The Spybot Invasion Read online




  1 The Gravitation Acceleration

  “I KNOW I’M NOT THE one who usually says this, Tom,” Noah said. “But are you sure this is a good idea?”

  “No problem,” I replied confidently. I strapped the last section onto my forearm. “It worked just fine on the test dummy.”

  “But that was only off my back deck,” Noah explained. “This is a whole flight of stairs.”

  As I stood on the third-floor landing and looked into the stairwell, I realized my best friend might have a point. You see, I was about to test our latest invention—a full-body airbag—by flinging myself down a flight of stairs. You know how there are airbags in cars? Well, this would be a portable one that cyclists and motorcyclists could wear. It was a whole suit made up of several components that covered my entire body. Straps and wires snaked up my arms and legs, connecting several sections of clear plastic. It kind of looked like a weird, futuristic pants-and-jacket set.

  “The Wright brothers didn’t use a dummy,” I told Noah.

  “No, but they weren’t risking breaking their necks,” Noah replied. “Wait a minute. I guess they were.”

  “Dude, don’t worry,” I said. “I have complete confidence in your software.”

  Noah Newton was a programming genius. Using an old smartphone (which already had built-in motion sensors), Noah had written a program that would detect when I was falling. Then it would activate several tiny CO2 canisters spread throughout the special outfit I had designed.

  “Wait a minute,” Noah said, digging through his pocket. He pulled out his phone. “We need a video record of this.”

  “I don’t think that’s going to be a problem,” I said, nodding past him.

  Several academy students were already gathering behind him with their phones at the ready.

  That was the cool thing about our school—you never knew what could happen from one day to the next. Well, I guess that’s just one of the cool things about our school.
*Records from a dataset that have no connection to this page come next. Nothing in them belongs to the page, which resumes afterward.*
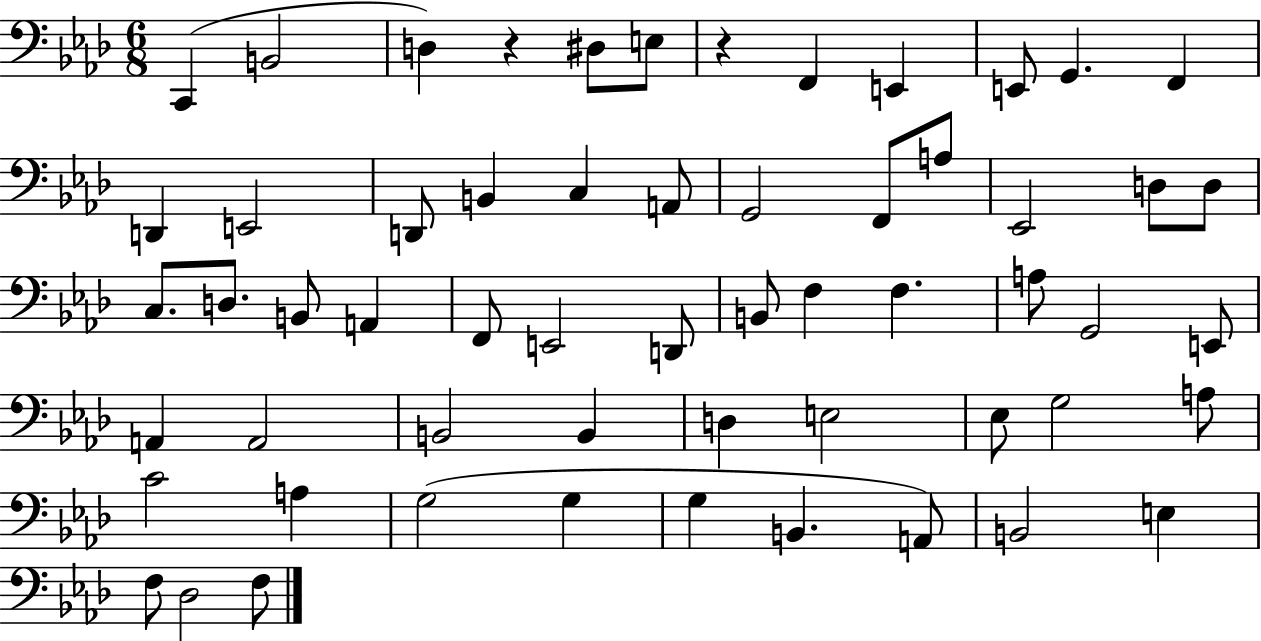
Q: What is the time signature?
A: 6/8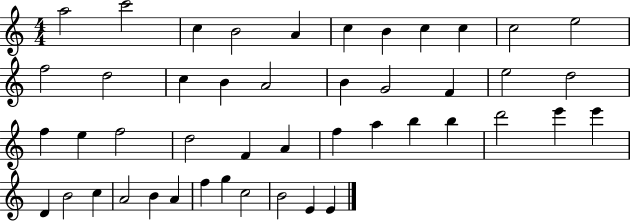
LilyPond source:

{
  \clef treble
  \numericTimeSignature
  \time 4/4
  \key c \major
  a''2 c'''2 | c''4 b'2 a'4 | c''4 b'4 c''4 c''4 | c''2 e''2 | \break f''2 d''2 | c''4 b'4 a'2 | b'4 g'2 f'4 | e''2 d''2 | \break f''4 e''4 f''2 | d''2 f'4 a'4 | f''4 a''4 b''4 b''4 | d'''2 e'''4 e'''4 | \break d'4 b'2 c''4 | a'2 b'4 a'4 | f''4 g''4 c''2 | b'2 e'4 e'4 | \break \bar "|."
}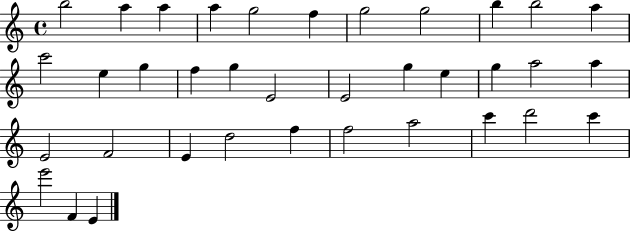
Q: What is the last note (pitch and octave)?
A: E4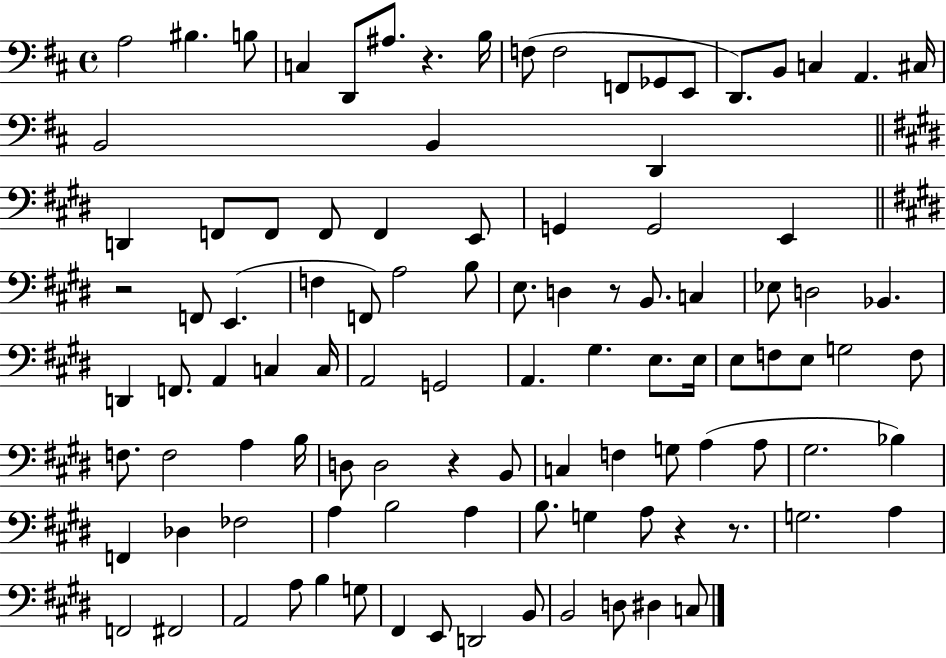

We’ve had an all-out robot war tournament for our robotics class. Our programming teacher actually encourages us to create apps for phones and tablets for extra credit. And yes, one of the students could perform a crazy experiment in the halls (or stairwells) at any moment. That’s the Swift Academy of Science and Technology for you.

  Oh, and yeah, I share a name with the school. My father, Tom Swift Sr., founded the academy with the profits from his next-door company, Swift Enterprises. Most people think it’s cool, but honestly, I usually wished people forgot about my connection to the school. I don’t want any special treatment, positive or negative. I just want to be an ordinary student like everyone else. Okay, I was about to fling myself down a set of stairs for science, but you know what? That is kind of ordinary for our school.

  I leaned over the railing and gazed at the second-floor landing. “Sam? Amy? All clear down there?”

  Sam poked her head out and adjusted her glasses. “I still think you’re nuts, Swift,” she called back up. “But yeah, it’s all clear.”

  Samantha Watson and Amy Hsu were blocking off the stairs on the second floor. Granted, there wasn’t much traffic in the stairwells during lunch hour, but you could never be too careful. I was wearing an airbag suit for my protection. Any unsuspecting student coming up the stairs wouldn’t be.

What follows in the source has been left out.